My Lords, I am glad to follow the noble Baroness in this debate. She farms on the other side of the Border from me. May I say, too, to the Minister how glad I am to see that this Bill applies both to England and to Scotland? Too often we have separate Bills on agriculture and other subjects brought before us, when, with a little more preparation and a little more give and take, we could draft one Bill which would be of general advantage. So this Bill will be especially welcomed by those who live along the Border, on both sides, and who have to put up with a good deal of inefficient administration in different fields because of this separate legislation. I am glad that we are not adding to that inefficiency to-night through this Bill.

I should like to apologise for the fact that I may have to leave before the end of this debate.
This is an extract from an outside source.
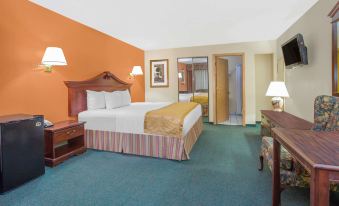 Days Inn & Suites by Wyndham Red Rock-Gallup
I dislike asking leave to do that, but if I had not perhaps spoken in every Agriculture Bill since I first entered the other place twenty years ago—that is, I have spoken from both sides of both Houses—perhaps I should not have asked your Lordships' permission to excuse me this evening. But I wanted to add a word about this Bill; and I would say, first, that I think the Minister must have done well in the Legislation Committee to get authority for such a long Bill. There is always so much potential agricultural legislation in the pipeline that it is a question in the Department of what is to be left out. I would echo the words of my noble friend Lord Nugent of Guildford, who has already shown what a pity it is that the fundamentals have been left out. A great deal of this long Bill con- sists of the less important matters. Anyone who has served in the Ministry of Agriculture must sympathise with a Minister after a year of poor weather and had prices.

The income of the industry is falling. To bring this debate into perspective I should like to think that when the noble Lord, Lord Walston, comes to wind up, he will be able to give us the up-to-date calculations of the income of the industry. He must have these figures, because they are always available at the time of the Price Review. The latest figure we have at the moment is that contained in last year's Price Review White Paper. If he has not on the Box before him the up-to-date figures, I hope he will ask some official to get them for him, because they are relevant to this debate.

I would support my noble friend Lord Nugent of Guildford when he expresses the need for basic re-thinking of our support system, and carrying on where my late chief, Mr. Soames, began. Particularly ought the Minister to do this in the light of present practice and thinking on the Continent. I hope that the Price Review, which we shall hear about not many weeks hence, will show that this is happening in the Department, even if there are no indications of it in the Bill.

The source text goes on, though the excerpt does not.